- _What is expected_
Find "S925 Silver Natural" in the material below, then write out that line and every line after it exactly, ending with the last one; skip the pictures.

--- --- ---

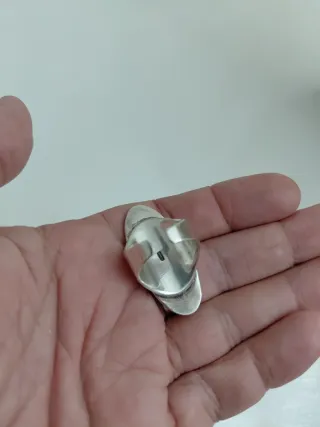 Anillo Plata y Nacar. Ajustable.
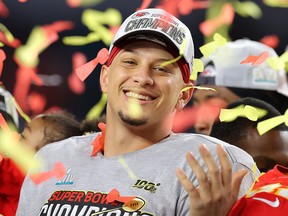 Patrick Mahomes of the Kansas City Chiefs celebrates after defeating the San Francisco 49ers in Super Bowl LIV at Hard Rock Stadium on February 2, 2020 in Miami. (Kevin C. Cox/Getty Images)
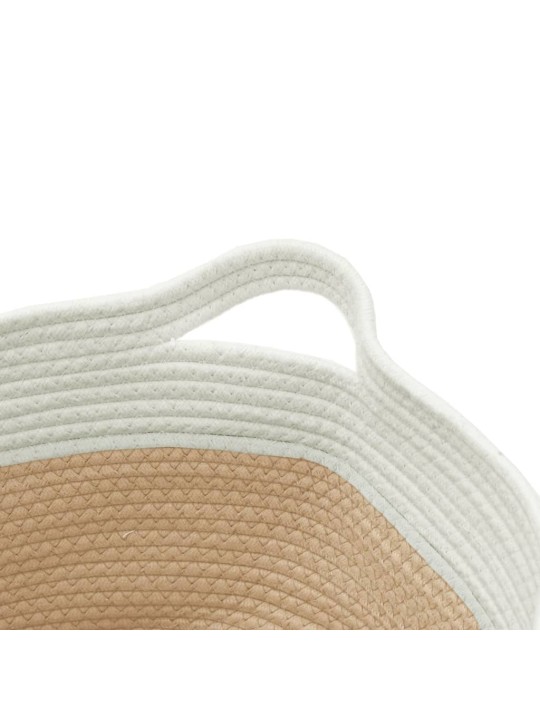 Säilytyskori beige ja valkoinen Ø40x25 cm puuvilla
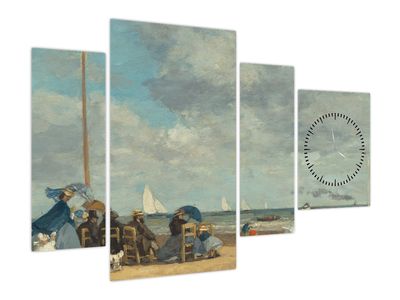 Kép - Eugène Boudin, Beach  at Trouville, reprodukciók (órával)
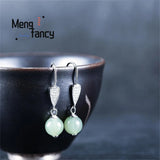 S925 Silver Natural Hetian Jade Temperament Earrings Charms Fine Jewelry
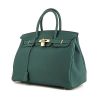 Hermes Birkin 35 cm handbag in malachite green leather taurillon clémence - 00pp thumbnail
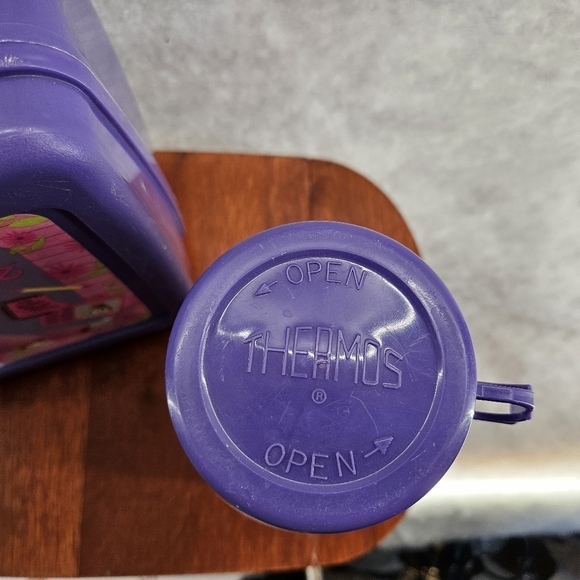 Vintage 1997 Barbie Plastic Lunch box With Thermos Purple - Picture 5 of 11
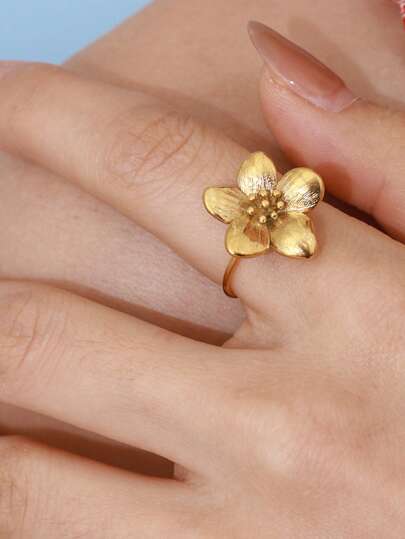 Uworld 1 Adet Zarif Günlük Kadın Çiçek Tasarım Açık Yüzük 18K Altın Kaplama Paslanmaz Çelik Yüzük Günlük Giyim Tatil Festival Parti Vb. İçin Uygundur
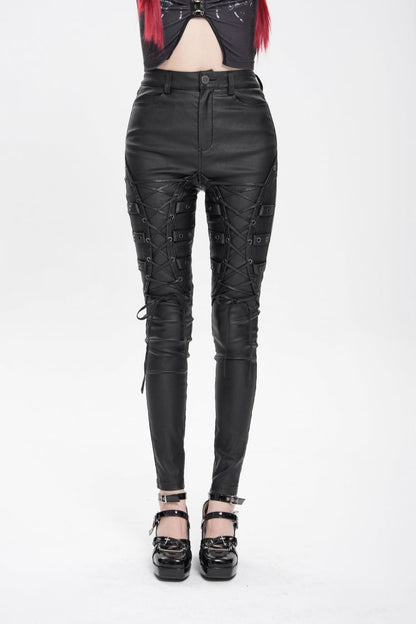 Black Lace-Up Eyelet Straps Women's Punk Pants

--- --- ---

- _Result for this task_
 S925 Silver Natural Hetian Jade Temperament Earrings Charms Fine Jewelry
 Hermes Birkin 35 cm handbag in malachite green leather taurillon clémence - 00pp thumbnail
 Vintage 1997 Barbie Plastic Lunch box With Thermos Purple - Picture 5 of 11
 Uworld 1 Adet Zarif Günlük Kadın Çiçek Tasarım Açık Yüzük 18K Altın Kaplama Paslanmaz Çelik Yüzük Günlük Giyim Tatil Festival Parti Vb. İçin Uygundur
 Black Lace-Up Eyelet Straps Women's Punk Pants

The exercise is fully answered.